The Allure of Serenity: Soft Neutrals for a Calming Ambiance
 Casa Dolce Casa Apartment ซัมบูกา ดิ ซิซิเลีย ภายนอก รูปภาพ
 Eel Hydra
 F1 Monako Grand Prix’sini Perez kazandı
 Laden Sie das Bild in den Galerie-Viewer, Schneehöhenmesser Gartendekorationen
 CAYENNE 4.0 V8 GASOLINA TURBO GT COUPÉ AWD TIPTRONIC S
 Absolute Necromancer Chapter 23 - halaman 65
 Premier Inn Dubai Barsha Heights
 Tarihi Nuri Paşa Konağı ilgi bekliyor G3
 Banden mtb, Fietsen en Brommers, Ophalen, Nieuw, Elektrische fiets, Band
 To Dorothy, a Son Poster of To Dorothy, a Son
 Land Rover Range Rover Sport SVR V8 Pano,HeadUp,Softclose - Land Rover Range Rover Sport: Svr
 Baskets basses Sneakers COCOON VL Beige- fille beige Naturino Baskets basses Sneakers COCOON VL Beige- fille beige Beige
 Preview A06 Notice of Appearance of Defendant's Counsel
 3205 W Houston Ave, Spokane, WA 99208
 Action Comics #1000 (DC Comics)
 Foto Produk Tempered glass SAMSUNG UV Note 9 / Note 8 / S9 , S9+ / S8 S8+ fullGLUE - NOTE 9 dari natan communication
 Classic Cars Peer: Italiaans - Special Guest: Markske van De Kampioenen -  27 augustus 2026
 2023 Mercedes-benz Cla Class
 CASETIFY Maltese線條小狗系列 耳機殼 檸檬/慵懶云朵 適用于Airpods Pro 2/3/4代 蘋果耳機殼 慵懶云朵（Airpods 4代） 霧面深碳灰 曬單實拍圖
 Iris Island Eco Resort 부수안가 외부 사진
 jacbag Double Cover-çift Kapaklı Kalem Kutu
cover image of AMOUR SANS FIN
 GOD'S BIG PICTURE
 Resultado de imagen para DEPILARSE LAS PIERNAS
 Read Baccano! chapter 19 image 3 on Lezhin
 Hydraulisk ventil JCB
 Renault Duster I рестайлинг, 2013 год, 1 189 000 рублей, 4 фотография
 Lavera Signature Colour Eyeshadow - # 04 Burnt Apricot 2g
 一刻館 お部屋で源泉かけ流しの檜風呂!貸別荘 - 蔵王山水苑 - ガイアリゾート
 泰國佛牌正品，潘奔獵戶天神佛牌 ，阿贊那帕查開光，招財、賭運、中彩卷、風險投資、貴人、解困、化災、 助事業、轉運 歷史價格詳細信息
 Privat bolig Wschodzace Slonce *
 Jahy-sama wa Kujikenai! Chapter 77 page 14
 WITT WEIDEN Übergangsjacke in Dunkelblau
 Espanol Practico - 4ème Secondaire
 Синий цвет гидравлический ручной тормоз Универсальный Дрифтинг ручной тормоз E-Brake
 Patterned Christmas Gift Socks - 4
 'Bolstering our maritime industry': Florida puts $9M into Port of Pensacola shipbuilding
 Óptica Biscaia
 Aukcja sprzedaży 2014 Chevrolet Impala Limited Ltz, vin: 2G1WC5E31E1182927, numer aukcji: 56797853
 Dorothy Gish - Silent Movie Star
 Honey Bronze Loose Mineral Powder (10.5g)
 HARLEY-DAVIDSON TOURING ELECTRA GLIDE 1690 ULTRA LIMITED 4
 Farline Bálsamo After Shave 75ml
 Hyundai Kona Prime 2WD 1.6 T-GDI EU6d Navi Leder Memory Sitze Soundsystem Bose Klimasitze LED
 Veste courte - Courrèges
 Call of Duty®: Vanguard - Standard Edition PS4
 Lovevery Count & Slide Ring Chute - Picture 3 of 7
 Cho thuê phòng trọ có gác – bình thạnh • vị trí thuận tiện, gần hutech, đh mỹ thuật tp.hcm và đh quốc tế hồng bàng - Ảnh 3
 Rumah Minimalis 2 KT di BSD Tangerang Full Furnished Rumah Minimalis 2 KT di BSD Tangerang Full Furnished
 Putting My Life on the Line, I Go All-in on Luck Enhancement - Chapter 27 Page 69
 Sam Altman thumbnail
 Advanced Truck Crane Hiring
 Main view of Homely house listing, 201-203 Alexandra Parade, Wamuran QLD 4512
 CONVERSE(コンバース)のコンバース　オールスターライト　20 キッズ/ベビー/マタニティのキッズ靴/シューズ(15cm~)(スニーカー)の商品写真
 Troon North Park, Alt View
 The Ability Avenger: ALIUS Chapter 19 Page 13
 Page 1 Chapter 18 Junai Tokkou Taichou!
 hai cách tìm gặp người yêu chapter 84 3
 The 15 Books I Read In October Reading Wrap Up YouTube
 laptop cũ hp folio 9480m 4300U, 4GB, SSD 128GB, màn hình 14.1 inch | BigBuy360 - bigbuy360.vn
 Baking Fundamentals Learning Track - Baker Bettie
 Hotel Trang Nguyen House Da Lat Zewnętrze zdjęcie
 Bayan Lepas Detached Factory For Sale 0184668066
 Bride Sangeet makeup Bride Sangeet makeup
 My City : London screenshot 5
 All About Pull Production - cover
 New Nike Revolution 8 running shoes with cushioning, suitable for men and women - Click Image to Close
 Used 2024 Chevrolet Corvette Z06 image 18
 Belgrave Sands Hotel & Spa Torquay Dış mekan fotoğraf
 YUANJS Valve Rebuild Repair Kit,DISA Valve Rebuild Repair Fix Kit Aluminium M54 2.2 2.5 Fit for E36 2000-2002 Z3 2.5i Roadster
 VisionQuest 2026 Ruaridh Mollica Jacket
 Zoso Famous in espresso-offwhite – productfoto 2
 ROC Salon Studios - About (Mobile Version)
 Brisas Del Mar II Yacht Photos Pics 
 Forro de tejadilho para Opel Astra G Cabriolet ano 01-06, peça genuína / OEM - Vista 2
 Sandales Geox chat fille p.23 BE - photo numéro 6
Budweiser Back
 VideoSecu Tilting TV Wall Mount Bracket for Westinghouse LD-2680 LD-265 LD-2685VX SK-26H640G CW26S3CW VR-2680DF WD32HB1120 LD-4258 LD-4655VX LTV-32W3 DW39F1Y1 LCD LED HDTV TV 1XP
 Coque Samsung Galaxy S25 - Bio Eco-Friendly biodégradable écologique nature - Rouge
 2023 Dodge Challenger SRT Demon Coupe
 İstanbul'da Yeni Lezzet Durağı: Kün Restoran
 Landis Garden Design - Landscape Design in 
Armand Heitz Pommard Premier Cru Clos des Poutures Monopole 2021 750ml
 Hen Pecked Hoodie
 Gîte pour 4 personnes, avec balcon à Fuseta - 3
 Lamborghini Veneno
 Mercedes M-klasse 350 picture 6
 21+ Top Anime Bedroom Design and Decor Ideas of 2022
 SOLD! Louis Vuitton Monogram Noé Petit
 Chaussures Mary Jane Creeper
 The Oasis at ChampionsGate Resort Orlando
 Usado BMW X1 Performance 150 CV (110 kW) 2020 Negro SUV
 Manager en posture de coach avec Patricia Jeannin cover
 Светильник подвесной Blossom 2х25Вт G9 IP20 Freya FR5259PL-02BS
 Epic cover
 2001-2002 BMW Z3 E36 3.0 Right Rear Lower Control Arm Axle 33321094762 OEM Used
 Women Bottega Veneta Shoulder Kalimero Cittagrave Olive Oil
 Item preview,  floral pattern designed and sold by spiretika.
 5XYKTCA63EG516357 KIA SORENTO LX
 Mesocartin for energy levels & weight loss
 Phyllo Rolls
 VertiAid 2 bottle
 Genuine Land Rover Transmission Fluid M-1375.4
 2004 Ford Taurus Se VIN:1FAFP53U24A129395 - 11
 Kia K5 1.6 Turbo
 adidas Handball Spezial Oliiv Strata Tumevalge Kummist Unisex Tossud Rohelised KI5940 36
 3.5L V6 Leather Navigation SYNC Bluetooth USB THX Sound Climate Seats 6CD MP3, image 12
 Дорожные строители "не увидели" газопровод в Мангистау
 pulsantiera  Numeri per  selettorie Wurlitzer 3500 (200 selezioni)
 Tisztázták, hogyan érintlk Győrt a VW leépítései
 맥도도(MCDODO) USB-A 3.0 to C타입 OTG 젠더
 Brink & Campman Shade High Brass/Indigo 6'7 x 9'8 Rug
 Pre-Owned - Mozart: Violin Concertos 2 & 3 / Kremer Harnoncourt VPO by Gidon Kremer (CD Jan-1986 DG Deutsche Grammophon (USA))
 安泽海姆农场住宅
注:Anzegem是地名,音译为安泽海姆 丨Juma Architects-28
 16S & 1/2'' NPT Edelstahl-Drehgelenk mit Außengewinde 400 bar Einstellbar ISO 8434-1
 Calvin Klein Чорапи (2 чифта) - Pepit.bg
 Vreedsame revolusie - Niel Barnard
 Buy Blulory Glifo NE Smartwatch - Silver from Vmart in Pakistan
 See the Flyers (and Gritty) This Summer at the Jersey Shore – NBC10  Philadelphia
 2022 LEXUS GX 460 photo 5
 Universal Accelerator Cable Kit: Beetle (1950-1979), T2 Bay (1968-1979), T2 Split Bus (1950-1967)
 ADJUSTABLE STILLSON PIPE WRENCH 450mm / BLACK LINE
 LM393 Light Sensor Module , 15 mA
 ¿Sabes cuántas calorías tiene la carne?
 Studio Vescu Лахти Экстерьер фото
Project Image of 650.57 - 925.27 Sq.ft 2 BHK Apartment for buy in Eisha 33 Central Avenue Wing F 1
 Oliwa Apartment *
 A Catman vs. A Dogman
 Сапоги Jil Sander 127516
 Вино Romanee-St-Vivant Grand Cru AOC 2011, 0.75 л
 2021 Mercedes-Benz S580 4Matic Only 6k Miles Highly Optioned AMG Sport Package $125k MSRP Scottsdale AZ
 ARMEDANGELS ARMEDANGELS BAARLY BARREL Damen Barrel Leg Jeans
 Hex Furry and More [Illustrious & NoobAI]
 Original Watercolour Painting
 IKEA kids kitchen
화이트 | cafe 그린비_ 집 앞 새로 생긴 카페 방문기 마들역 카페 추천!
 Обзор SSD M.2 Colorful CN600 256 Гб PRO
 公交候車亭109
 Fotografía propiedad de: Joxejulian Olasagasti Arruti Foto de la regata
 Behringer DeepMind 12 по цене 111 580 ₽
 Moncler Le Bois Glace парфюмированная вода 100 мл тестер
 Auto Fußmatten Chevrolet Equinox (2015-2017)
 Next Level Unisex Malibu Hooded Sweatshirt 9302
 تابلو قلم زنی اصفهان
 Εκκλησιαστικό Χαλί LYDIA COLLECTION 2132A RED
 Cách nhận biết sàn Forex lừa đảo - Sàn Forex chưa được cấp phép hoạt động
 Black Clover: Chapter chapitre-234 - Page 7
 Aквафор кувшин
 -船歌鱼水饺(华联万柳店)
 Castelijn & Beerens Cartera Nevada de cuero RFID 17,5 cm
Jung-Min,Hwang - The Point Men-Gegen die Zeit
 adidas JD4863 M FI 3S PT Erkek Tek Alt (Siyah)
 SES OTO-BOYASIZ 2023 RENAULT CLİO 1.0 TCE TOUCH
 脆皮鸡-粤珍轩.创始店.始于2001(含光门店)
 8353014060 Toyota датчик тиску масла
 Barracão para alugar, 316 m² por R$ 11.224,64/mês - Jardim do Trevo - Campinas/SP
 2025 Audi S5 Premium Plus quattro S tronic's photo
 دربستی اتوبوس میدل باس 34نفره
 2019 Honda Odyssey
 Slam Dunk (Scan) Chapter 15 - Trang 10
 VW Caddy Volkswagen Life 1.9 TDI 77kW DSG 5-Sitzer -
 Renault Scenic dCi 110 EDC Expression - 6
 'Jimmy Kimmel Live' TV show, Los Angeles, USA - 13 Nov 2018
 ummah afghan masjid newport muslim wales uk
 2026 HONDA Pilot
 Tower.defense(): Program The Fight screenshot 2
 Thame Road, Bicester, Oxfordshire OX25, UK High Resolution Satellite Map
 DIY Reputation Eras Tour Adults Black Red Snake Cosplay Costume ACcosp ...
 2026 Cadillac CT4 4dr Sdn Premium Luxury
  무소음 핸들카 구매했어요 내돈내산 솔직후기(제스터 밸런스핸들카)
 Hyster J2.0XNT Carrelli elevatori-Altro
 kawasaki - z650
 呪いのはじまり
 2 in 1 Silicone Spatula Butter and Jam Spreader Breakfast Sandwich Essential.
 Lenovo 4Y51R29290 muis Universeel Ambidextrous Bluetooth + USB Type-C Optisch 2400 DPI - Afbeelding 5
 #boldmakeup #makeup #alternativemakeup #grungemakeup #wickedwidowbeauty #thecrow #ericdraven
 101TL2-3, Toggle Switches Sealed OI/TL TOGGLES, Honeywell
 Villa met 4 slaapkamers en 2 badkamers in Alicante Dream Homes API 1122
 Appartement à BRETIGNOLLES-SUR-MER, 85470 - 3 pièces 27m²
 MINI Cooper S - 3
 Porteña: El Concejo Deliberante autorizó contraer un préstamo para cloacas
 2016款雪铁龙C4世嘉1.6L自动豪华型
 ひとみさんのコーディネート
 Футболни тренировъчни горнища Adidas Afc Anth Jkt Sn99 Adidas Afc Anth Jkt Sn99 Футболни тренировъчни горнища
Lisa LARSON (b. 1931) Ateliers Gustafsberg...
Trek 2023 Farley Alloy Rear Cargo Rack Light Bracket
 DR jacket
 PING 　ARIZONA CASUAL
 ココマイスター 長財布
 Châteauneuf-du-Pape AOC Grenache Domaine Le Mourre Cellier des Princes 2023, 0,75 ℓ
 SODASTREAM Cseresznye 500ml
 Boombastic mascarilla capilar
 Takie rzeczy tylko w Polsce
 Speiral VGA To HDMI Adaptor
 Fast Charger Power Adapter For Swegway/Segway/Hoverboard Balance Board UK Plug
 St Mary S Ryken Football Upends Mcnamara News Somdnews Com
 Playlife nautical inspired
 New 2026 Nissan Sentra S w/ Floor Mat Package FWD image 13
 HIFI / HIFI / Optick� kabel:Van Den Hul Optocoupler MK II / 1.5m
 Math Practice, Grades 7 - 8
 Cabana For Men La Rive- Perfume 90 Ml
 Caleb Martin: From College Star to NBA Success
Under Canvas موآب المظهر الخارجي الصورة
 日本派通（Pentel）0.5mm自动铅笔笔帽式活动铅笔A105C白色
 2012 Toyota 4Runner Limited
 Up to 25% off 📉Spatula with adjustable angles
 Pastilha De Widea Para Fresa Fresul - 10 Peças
^^^^^^^^
● **TASK DETAILS**: Across the material, report every line that has the word "About".

● **COMPLETED TASK**:
 All About Pull Production - cover
 ROC Salon Studios - About (Mobile Version)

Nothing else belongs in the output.